**Material shown**
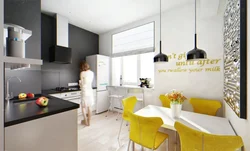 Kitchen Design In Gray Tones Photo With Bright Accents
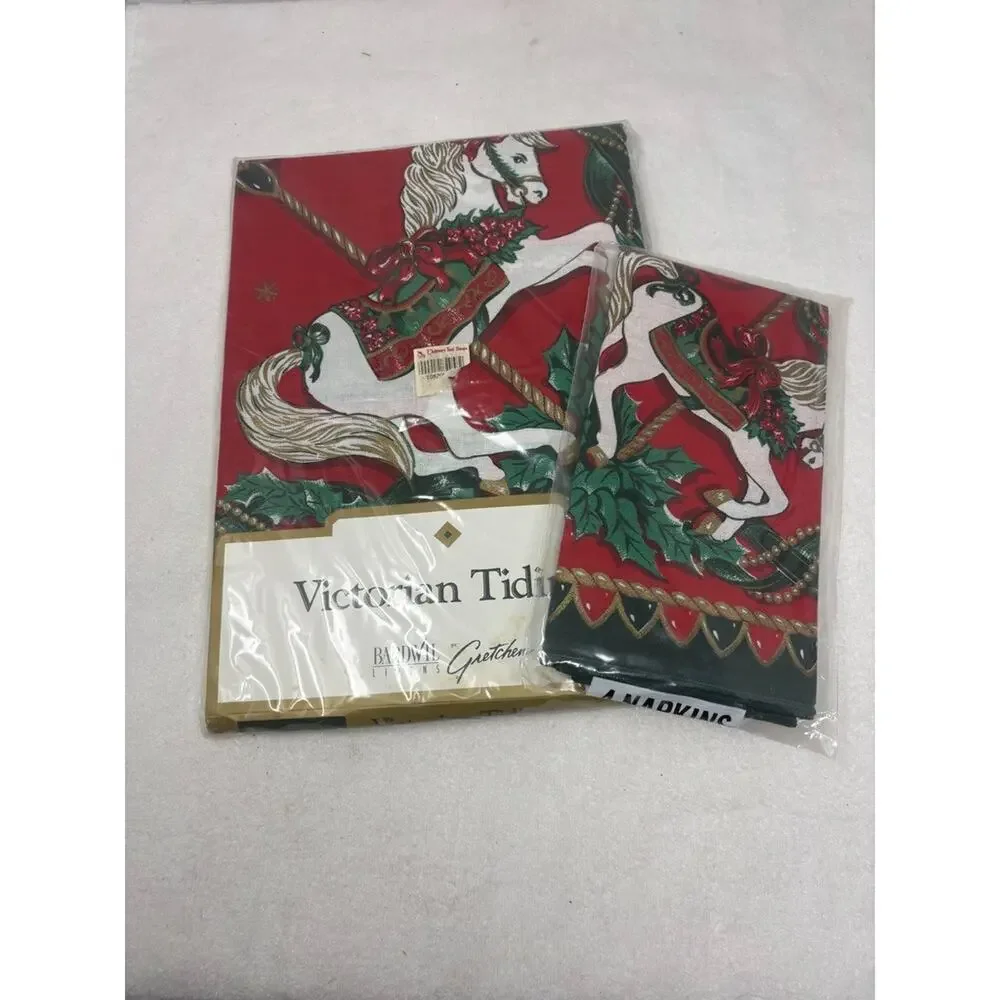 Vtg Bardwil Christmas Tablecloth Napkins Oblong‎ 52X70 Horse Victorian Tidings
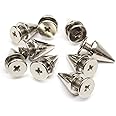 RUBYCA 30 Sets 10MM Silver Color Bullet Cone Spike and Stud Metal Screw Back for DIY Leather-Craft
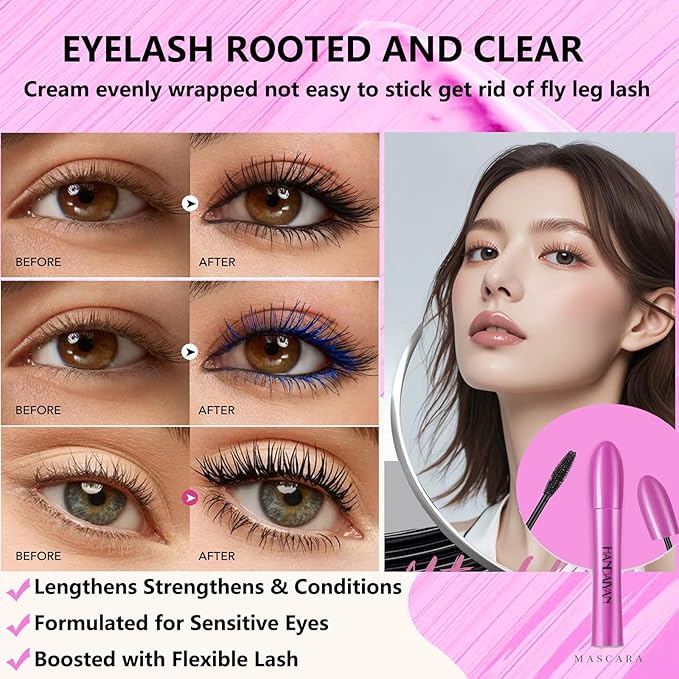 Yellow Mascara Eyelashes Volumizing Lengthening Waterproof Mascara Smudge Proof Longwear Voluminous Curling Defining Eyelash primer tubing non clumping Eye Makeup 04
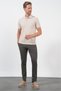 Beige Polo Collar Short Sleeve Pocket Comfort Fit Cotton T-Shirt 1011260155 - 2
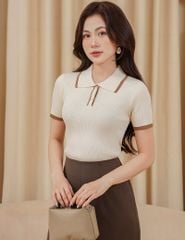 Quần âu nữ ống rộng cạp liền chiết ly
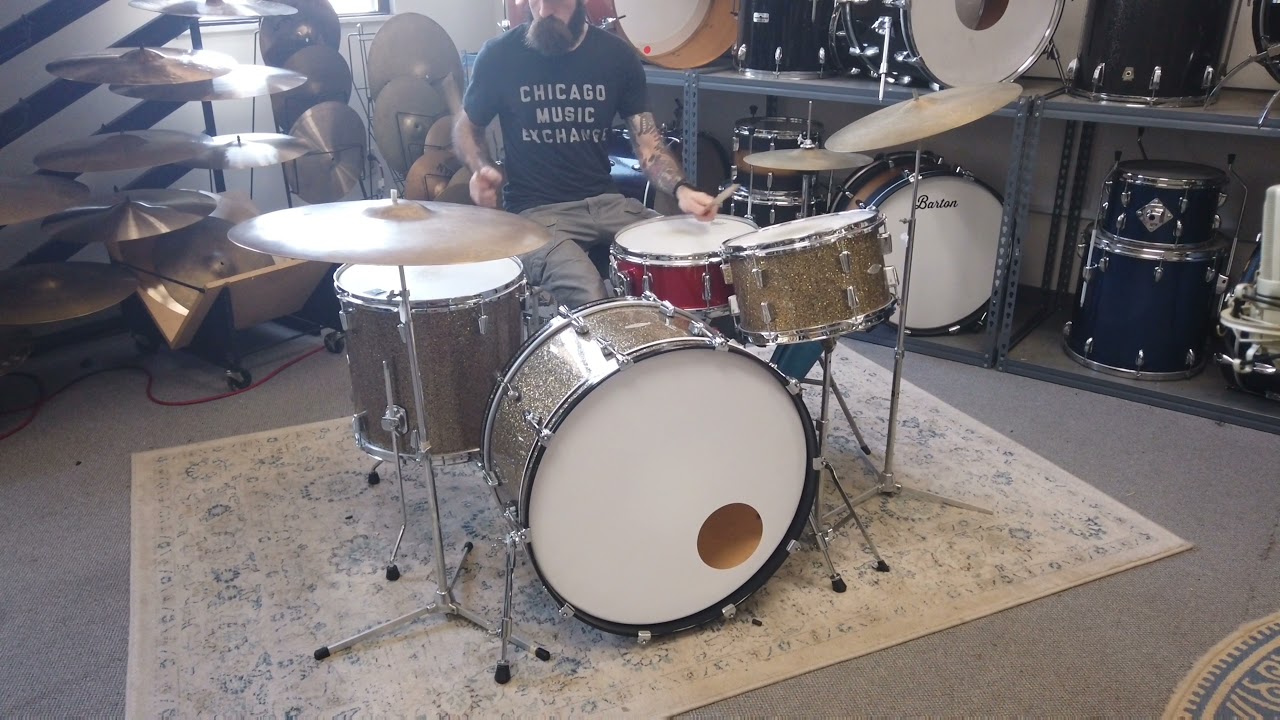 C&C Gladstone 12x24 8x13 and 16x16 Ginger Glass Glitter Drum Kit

---

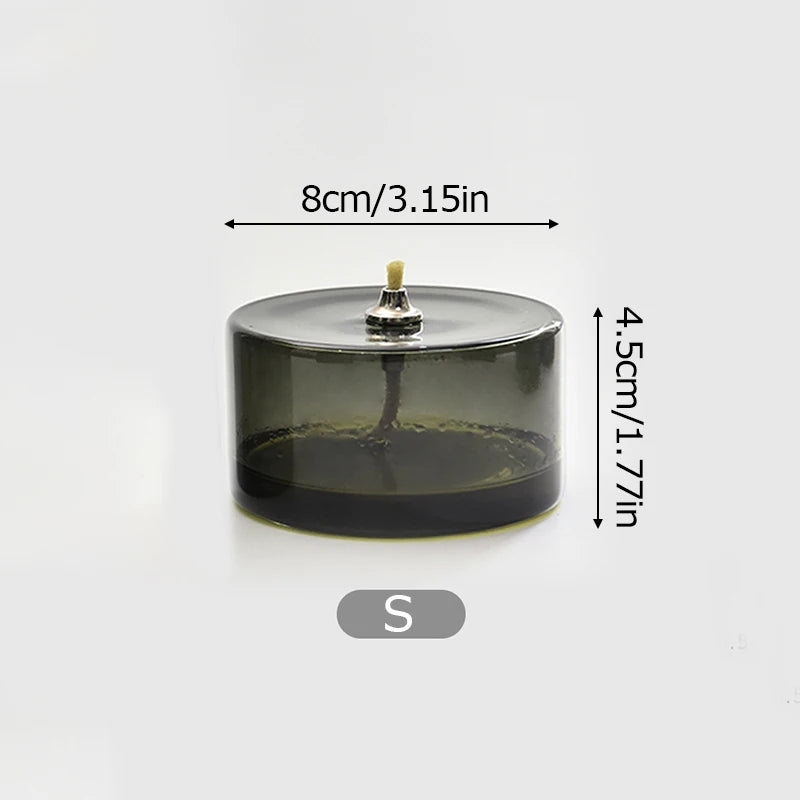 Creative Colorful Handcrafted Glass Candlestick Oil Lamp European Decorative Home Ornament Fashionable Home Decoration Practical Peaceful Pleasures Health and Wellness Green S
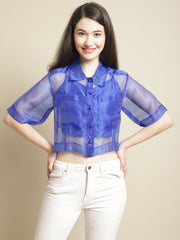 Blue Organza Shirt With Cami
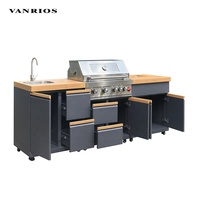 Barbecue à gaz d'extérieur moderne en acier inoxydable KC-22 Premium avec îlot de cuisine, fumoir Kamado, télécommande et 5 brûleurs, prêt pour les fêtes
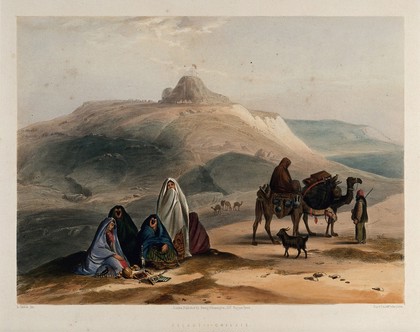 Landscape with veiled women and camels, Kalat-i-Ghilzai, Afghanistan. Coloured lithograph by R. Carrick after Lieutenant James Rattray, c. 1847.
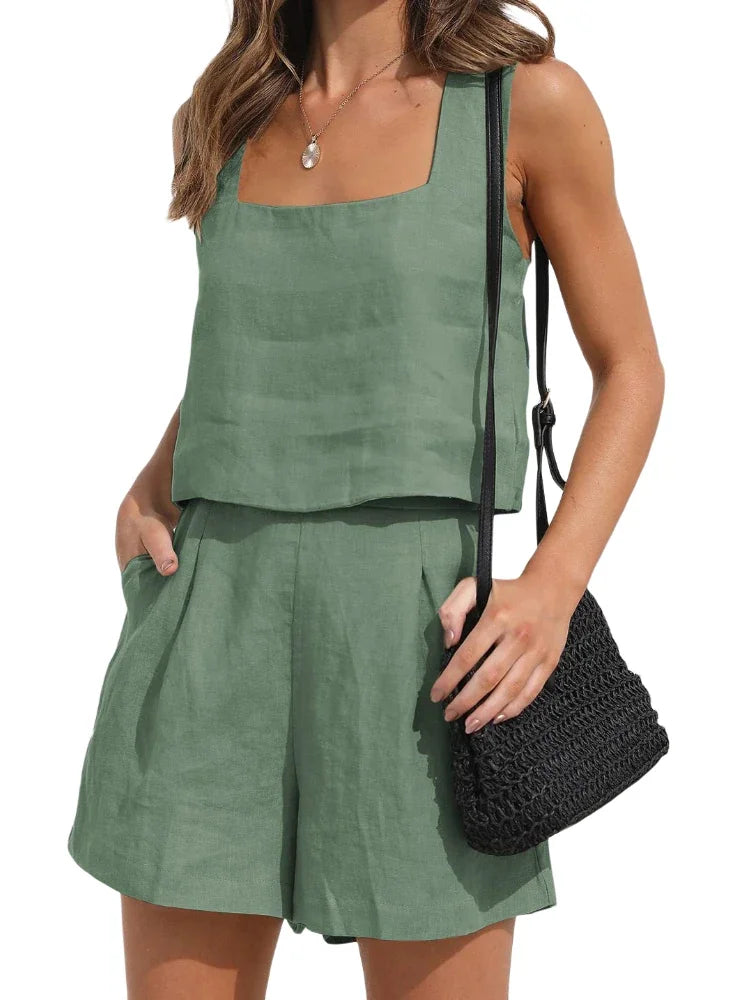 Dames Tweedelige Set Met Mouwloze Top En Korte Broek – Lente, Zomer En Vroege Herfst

**About this exercise**
Starting at the line with "Quần âu nữ ống rộng cạp liền chiết ly" and finishing at the line with "C&C Gladstone 12x24", copy the material above exactly, both lines included. Nothing else goes in, and no pictures.

**Solution for this exercise**
 Quần âu nữ ống rộng cạp liền chiết ly
 C&C Gladstone 12x24 8x13 and 16x16 Ginger Glass Glitter Drum Kit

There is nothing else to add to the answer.